Why 'invisible' required building it in-house

OpenAI says it evaluated third-party usage billing and metering platforms and rejected them on two requirements. First, real-time correctness: when a user hits a limit and has credits, the system has to know immediately, because delayed counting surfaces as 'surprise blocks, inconsistent balances, and incorrect charges.' Second, reconcilability: the ability to explain why a request was allowed or blocked, how much it consumed, and which limits or balances applied.

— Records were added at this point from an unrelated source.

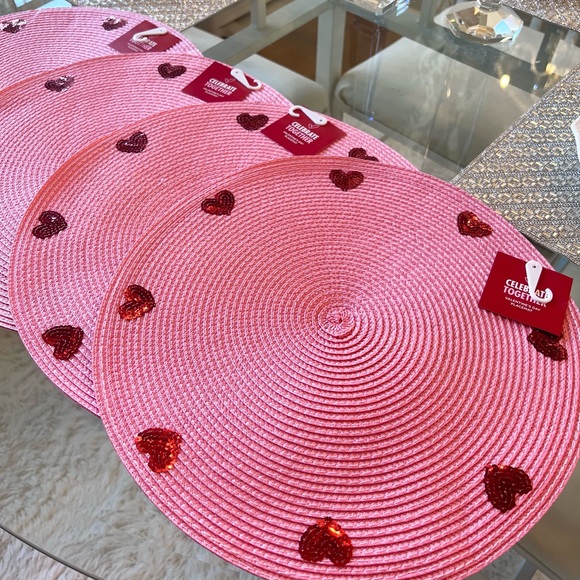 Other - Pink Red Heart Sequin Valentine’s Day Love Placemats Set of 4 Celebrate Together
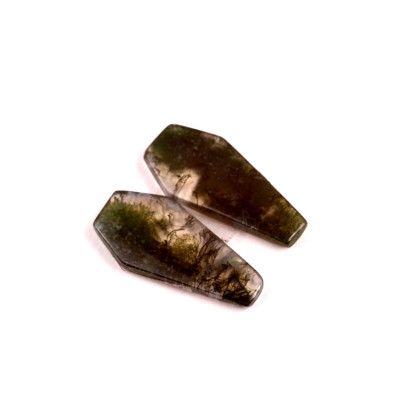 Kabošony páry Moss Quartz č.P651 (23x11x3mm)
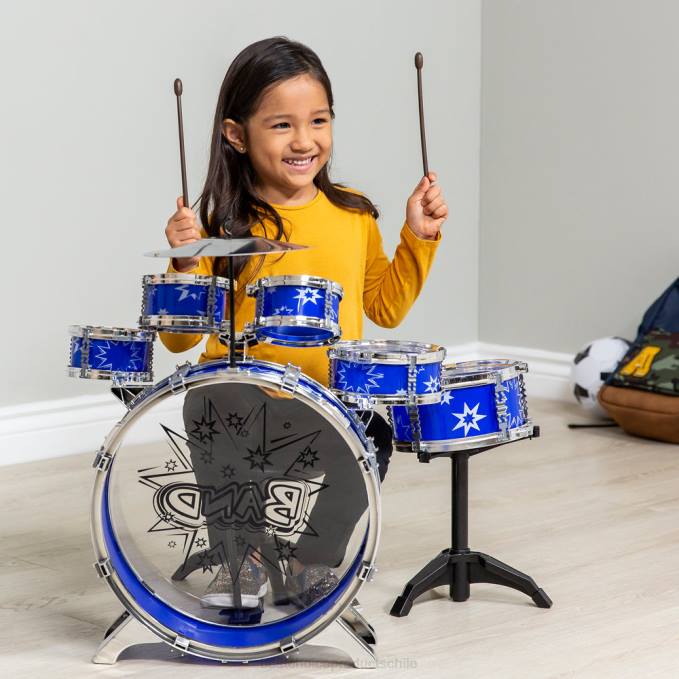 juguete y juego | Best Choice Products Juego de juguetes de instrumentos musicales de percusión de tambor para principiantes para niños de 11 piezas azul08BN1018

The stated reason those platforms fell short is that they only saw one piece of what was happening. Billing and metering tools are built for invoicing and reporting — asynchronous, after-the-fact views. Codex and Sora are interactive products where the billing decision is part of the request path itself. That coupling of billing logic to the live request is why the team pulled it in-house rather than bolting on a metering service.

Correctness traded against instant balance updates

The system is built around three datasets that trigger one another: product usage events (what the user did), monetization events (what they're charged for), and balance updates (how much the credit balance moved and why). Separating them lets OpenAI audit, replay, and reconcile each layer independently. Debits carry a stable idempotency key so retries and worker restarts can't double-charge, and each balance update decrements the balance and writes an attributed record in a single atomic, per-account-serialized transaction.

The notable trade-off is deliberate: balance updates are asynchronous and 'slightly delayed' rather than synchronous. When that delay causes the system to overshoot a user's balance, it automatically refunds the difference. OpenAI states plainly that it chose provable correctness and user trust over strict enforcement — it would rather occasionally let a request through and refund than risk misbilling.

What continuous access changes for the interface layer

The specific implication here is that the guarantee lives in the backend so the frontend can stop hedging. Because usage, billing, and balances are provably correct and settled per request, the interface no longer needs to warn users that a request might not go through, or that a balance might be wrong. The post frames every architectural decision as protecting 'user momentum' — real-time balances prevent interruptions, atomic consumption prevents double-charging.

For teams shipping interactive AI products, this is a concrete example of treating correctness as a product feature rather than a billing back-office concern. The credit prompt only feels seamless in the UI because a distributed, auditable ledger sits underneath resolving each request in one definitive outcome. OpenAI notes the same foundation is meant to extend beyond Codex and Sora, positioning access control as shared infrastructure rather than per-product logic.